The Brian Jonestown Massacre – the Music and the Myth

Bitterzoet, 27 June 2012

What can you really say about the Brian Jonestown Massacre that hasn’t been said before?


Second only to Oasis, they have probably been the most publically belligerent and unstable band seen over the past 20 years. A reputation that was highlighted in the 2004 documentary Dig!, which showcased lead singer and guitarists Anton Newcombe’s volatile personality and the bands love-hate relationship with friends/rivals, the Dandy Warhols.

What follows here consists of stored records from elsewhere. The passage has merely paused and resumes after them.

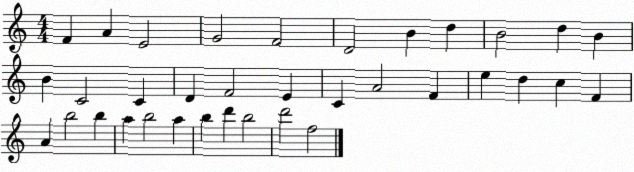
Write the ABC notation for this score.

X:1
T:Untitled
M:4/4
L:1/4
K:C
F A E2 G2 F2 D2 B d B2 d B B C2 C D F2 E C A2 F e d c F A b2 b a b2 a b d' b2 d'2 f2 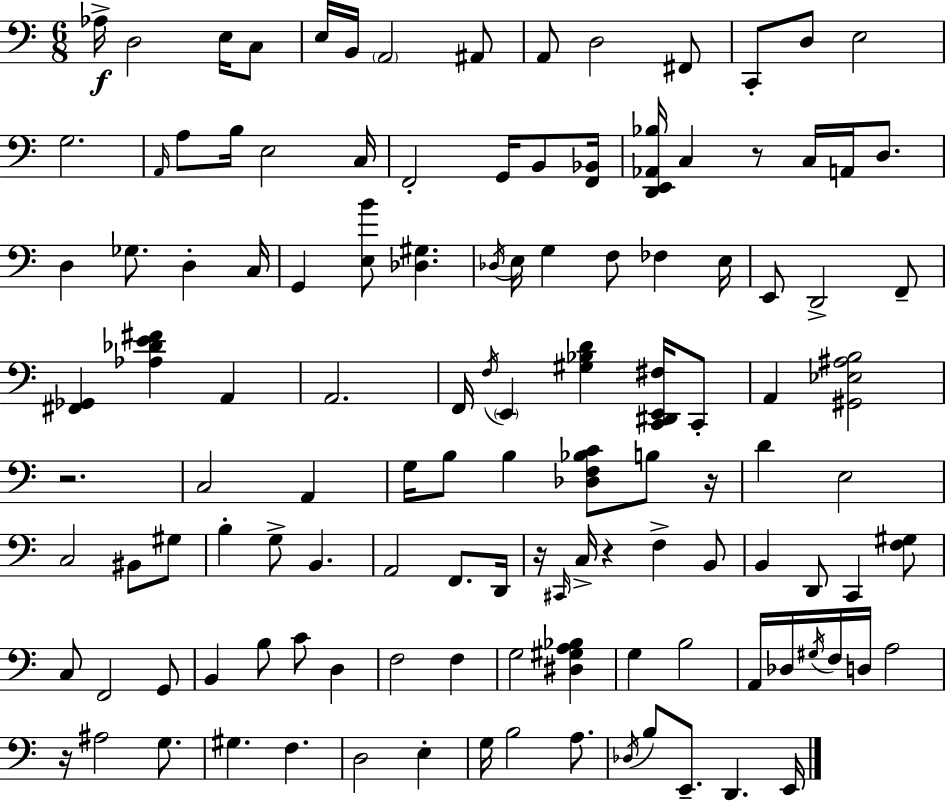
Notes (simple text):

Ab3/s D3/h E3/s C3/e E3/s B2/s A2/h A#2/e A2/e D3/h F#2/e C2/e D3/e E3/h G3/h. A2/s A3/e B3/s E3/h C3/s F2/h G2/s B2/e [F2,Bb2]/s [D2,E2,Ab2,Bb3]/s C3/q R/e C3/s A2/s D3/e. D3/q Gb3/e. D3/q C3/s G2/q [E3,B4]/e [Db3,G#3]/q. Db3/s E3/s G3/q F3/e FES3/q E3/s E2/e D2/h F2/e [F#2,Gb2]/q [Ab3,Db4,E4,F#4]/q A2/q A2/h. F2/s F3/s E2/q [G#3,Bb3,D4]/q [C2,D#2,E2,F#3]/s C2/e A2/q [G#2,Eb3,A#3,B3]/h R/h. C3/h A2/q G3/s B3/e B3/q [Db3,F3,Bb3,C4]/e B3/e R/s D4/q E3/h C3/h BIS2/e G#3/e B3/q G3/e B2/q. A2/h F2/e. D2/s R/s C#2/s C3/s R/q F3/q B2/e B2/q D2/e C2/q [F3,G#3]/e C3/e F2/h G2/e B2/q B3/e C4/e D3/q F3/h F3/q G3/h [D#3,G#3,A3,Bb3]/q G3/q B3/h A2/s Db3/s G#3/s F3/s D3/s A3/h R/s A#3/h G3/e. G#3/q. F3/q. D3/h E3/q G3/s B3/h A3/e. Db3/s B3/e E2/e. D2/q. E2/s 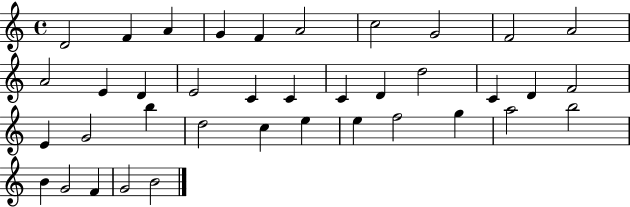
X:1
T:Untitled
M:4/4
L:1/4
K:C
D2 F A G F A2 c2 G2 F2 A2 A2 E D E2 C C C D d2 C D F2 E G2 b d2 c e e f2 g a2 b2 B G2 F G2 B2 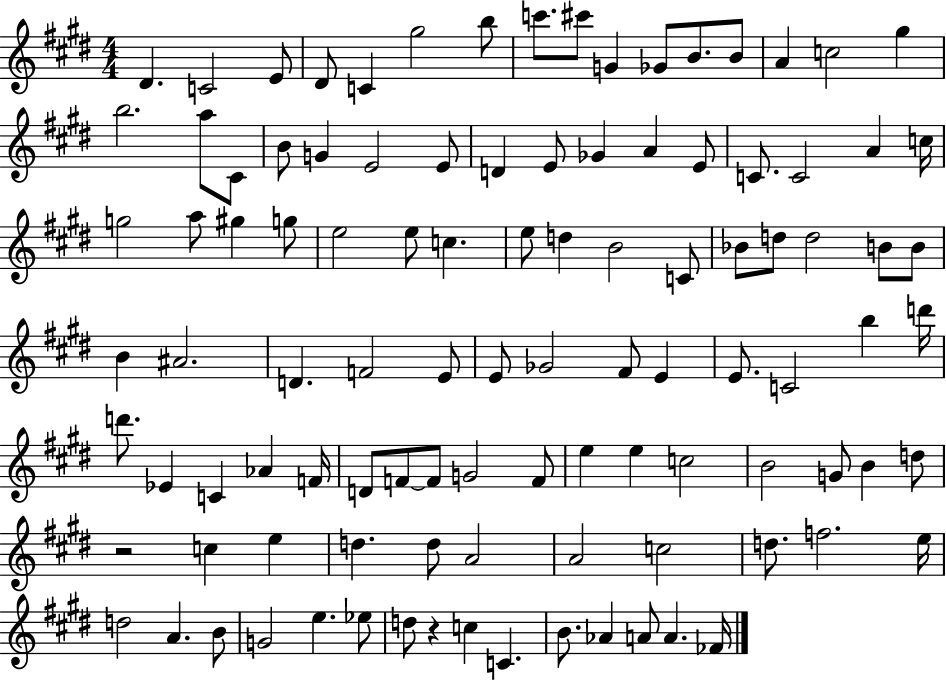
X:1
T:Untitled
M:4/4
L:1/4
K:E
^D C2 E/2 ^D/2 C ^g2 b/2 c'/2 ^c'/2 G _G/2 B/2 B/2 A c2 ^g b2 a/2 ^C/2 B/2 G E2 E/2 D E/2 _G A E/2 C/2 C2 A c/4 g2 a/2 ^g g/2 e2 e/2 c e/2 d B2 C/2 _B/2 d/2 d2 B/2 B/2 B ^A2 D F2 E/2 E/2 _G2 ^F/2 E E/2 C2 b d'/4 d'/2 _E C _A F/4 D/2 F/2 F/2 G2 F/2 e e c2 B2 G/2 B d/2 z2 c e d d/2 A2 A2 c2 d/2 f2 e/4 d2 A B/2 G2 e _e/2 d/2 z c C B/2 _A A/2 A _F/4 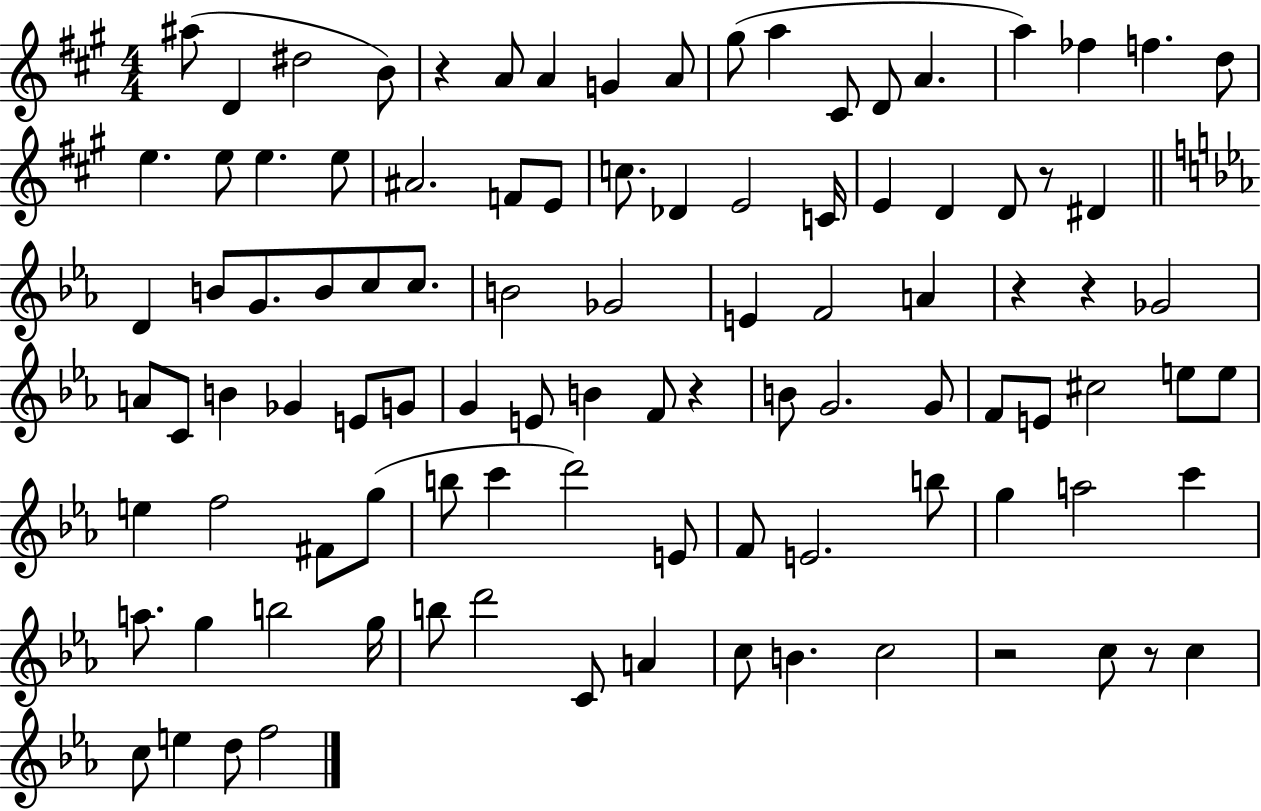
{
  \clef treble
  \numericTimeSignature
  \time 4/4
  \key a \major
  ais''8( d'4 dis''2 b'8) | r4 a'8 a'4 g'4 a'8 | gis''8( a''4 cis'8 d'8 a'4. | a''4) fes''4 f''4. d''8 | \break e''4. e''8 e''4. e''8 | ais'2. f'8 e'8 | c''8. des'4 e'2 c'16 | e'4 d'4 d'8 r8 dis'4 | \break \bar "||" \break \key ees \major d'4 b'8 g'8. b'8 c''8 c''8. | b'2 ges'2 | e'4 f'2 a'4 | r4 r4 ges'2 | \break a'8 c'8 b'4 ges'4 e'8 g'8 | g'4 e'8 b'4 f'8 r4 | b'8 g'2. g'8 | f'8 e'8 cis''2 e''8 e''8 | \break e''4 f''2 fis'8 g''8( | b''8 c'''4 d'''2) e'8 | f'8 e'2. b''8 | g''4 a''2 c'''4 | \break a''8. g''4 b''2 g''16 | b''8 d'''2 c'8 a'4 | c''8 b'4. c''2 | r2 c''8 r8 c''4 | \break c''8 e''4 d''8 f''2 | \bar "|."
} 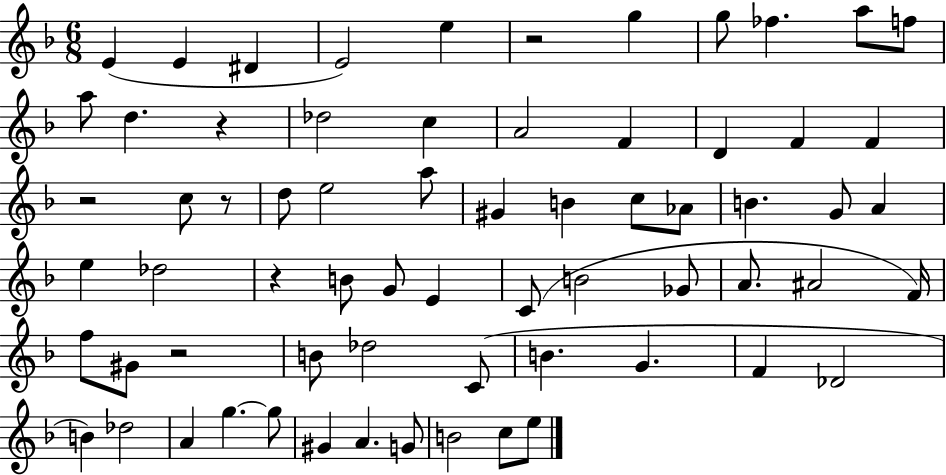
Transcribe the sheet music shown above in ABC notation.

X:1
T:Untitled
M:6/8
L:1/4
K:F
E E ^D E2 e z2 g g/2 _f a/2 f/2 a/2 d z _d2 c A2 F D F F z2 c/2 z/2 d/2 e2 a/2 ^G B c/2 _A/2 B G/2 A e _d2 z B/2 G/2 E C/2 B2 _G/2 A/2 ^A2 F/4 f/2 ^G/2 z2 B/2 _d2 C/2 B G F _D2 B _d2 A g g/2 ^G A G/2 B2 c/2 e/2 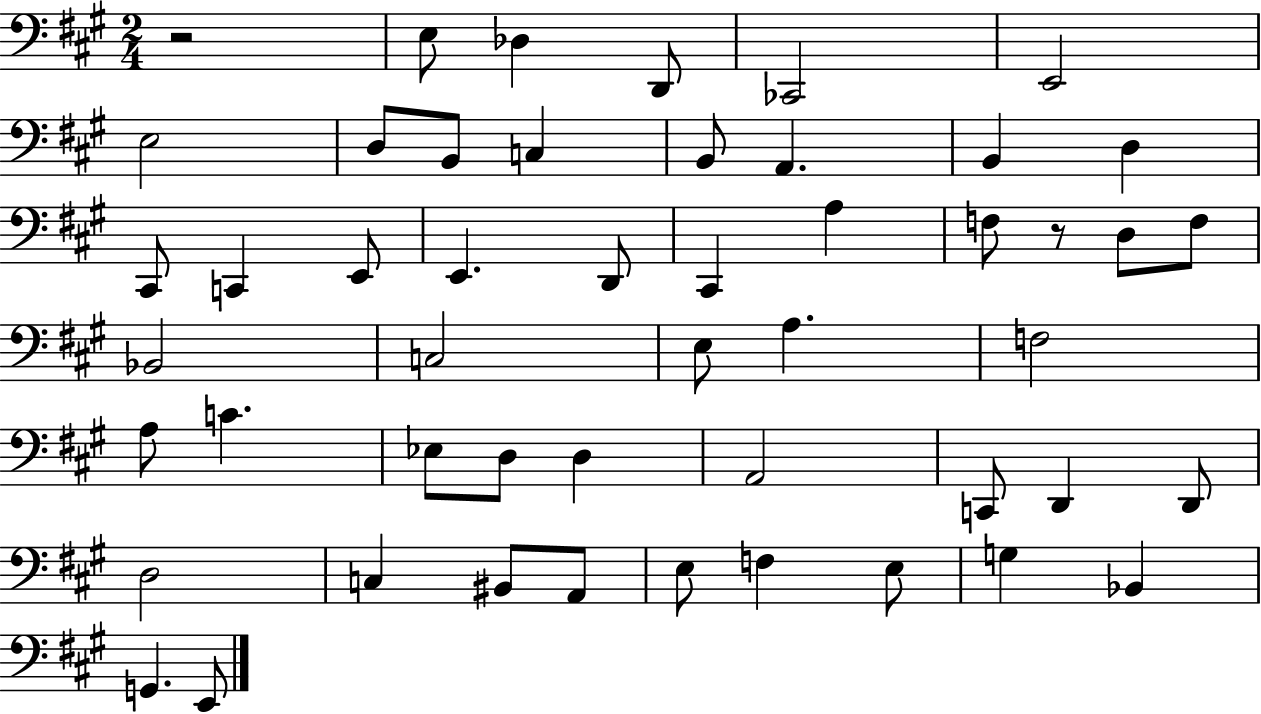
X:1
T:Untitled
M:2/4
L:1/4
K:A
z2 E,/2 _D, D,,/2 _C,,2 E,,2 E,2 D,/2 B,,/2 C, B,,/2 A,, B,, D, ^C,,/2 C,, E,,/2 E,, D,,/2 ^C,, A, F,/2 z/2 D,/2 F,/2 _B,,2 C,2 E,/2 A, F,2 A,/2 C _E,/2 D,/2 D, A,,2 C,,/2 D,, D,,/2 D,2 C, ^B,,/2 A,,/2 E,/2 F, E,/2 G, _B,, G,, E,,/2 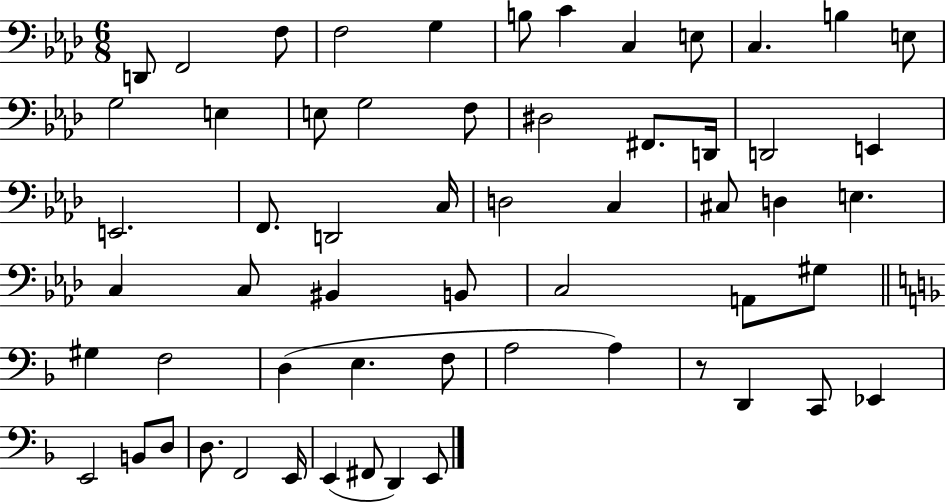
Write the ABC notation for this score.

X:1
T:Untitled
M:6/8
L:1/4
K:Ab
D,,/2 F,,2 F,/2 F,2 G, B,/2 C C, E,/2 C, B, E,/2 G,2 E, E,/2 G,2 F,/2 ^D,2 ^F,,/2 D,,/4 D,,2 E,, E,,2 F,,/2 D,,2 C,/4 D,2 C, ^C,/2 D, E, C, C,/2 ^B,, B,,/2 C,2 A,,/2 ^G,/2 ^G, F,2 D, E, F,/2 A,2 A, z/2 D,, C,,/2 _E,, E,,2 B,,/2 D,/2 D,/2 F,,2 E,,/4 E,, ^F,,/2 D,, E,,/2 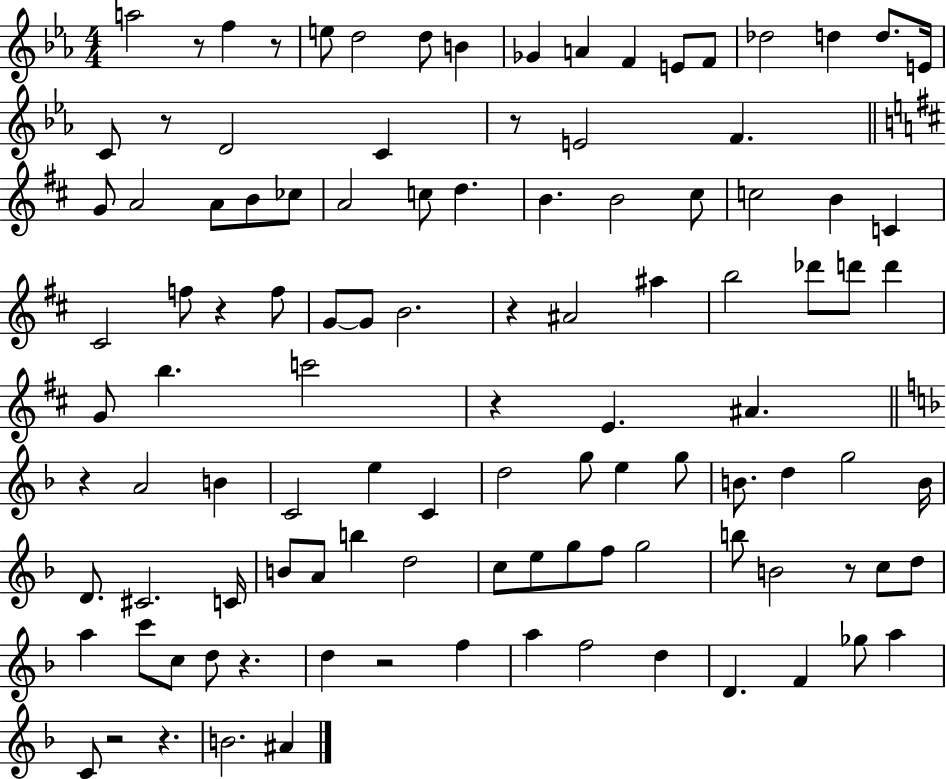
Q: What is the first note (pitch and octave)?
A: A5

Although they have never made it into the music main stream, with more than 20 albums to their name they have developed a huge cult following over the years. This was demonstrated fairly accurately in Amsterdam, with Bitterzoet selling out reasonably quickly and the crowd on the night being pretty passionate in their love for both Anton and his band of talented misfits.

Even though I enjoyed the show, I am not sure if I can count myself in the passionate fan category. For me there were two main things I took away from the experience – the Music and the Myth:

The Music – There is no doubting Anton’s talent as a musician, or anyone else’s in the band, and if you enjoy that sort of jamming neo-psychedelic rock, there is no reason you wouldn’t like their music. But to me it is hard to get beyond enjoyable background music, or something to get lost in your own thoughts with. And that is how I felt during the show. There were 8 band members on stage (until one stormed off – see below) and at times there were up to 6 guitars playing. Even though the sound mix was pretty good, it was tough to really tell any of them apart and it just became a wall of sound.

The other part noted by both myself and JV before and after the show is that they don’t have any real standout songs; good or bad. It was clear that the fans had their favorites, but we both found it tough to walk away and say what the best song of the night was. You can’t help but think this is part of the reason for their lack of commercial success.

This was in stark contrast to their “rivals” the Dandy Warhols, who we saw earlier this year (VPM's Dandy Review), and who were able to pump out almost an entire set of hits. Just like in the documentary it is not hard to see that Anton may well be more talented, but it is the hits that bring in the crowd and at least to me made the Dandy Warhols the more enjoyable show.

The Myth – If you have read or heard anything about the Brian Jonestown Massacre, you will know Anton has the reputation for being both volatile and at times violent, with both his band mates and the crowd. With respect to Dig! I always took this with a grain of salt. I mean of course his prima donna antics make for a better documentary than the nights that went well, and in seven years of filming they were bound to get enough footage for a 2 hour doco.

So I went into the show with low expectation of actually witnessing this myth.

But all I can say from my sample of one show is that everything I had heard and read was pretty much on the money. He is a strange and complex dude. He didn’t say a word the entire set, in fact he barely seemed to make eye contact with the crowd, which is pretty strange at such a small venue where the front row is only centimeters from the band. And then at the end (well, what became the end – it is hard to know if there was actually meant to be more) he just snapped.

One of the 6 guitarists stormed off during the final few bars of the song and Anton just snapped. You can check out the video of it below – it is hard to say exactly what happened but it was sort of like watching 8 year-olds argue with each other. “You weren’t even fu%#&ng invited on this tour!”

This level of volatility certainly adds to the excitement of the show and I walked away pretty pumped up with what we had just witnessed. Am I listening to more BJM now? Not really. Was it a memorable show and worth the money? You’re damn right it was!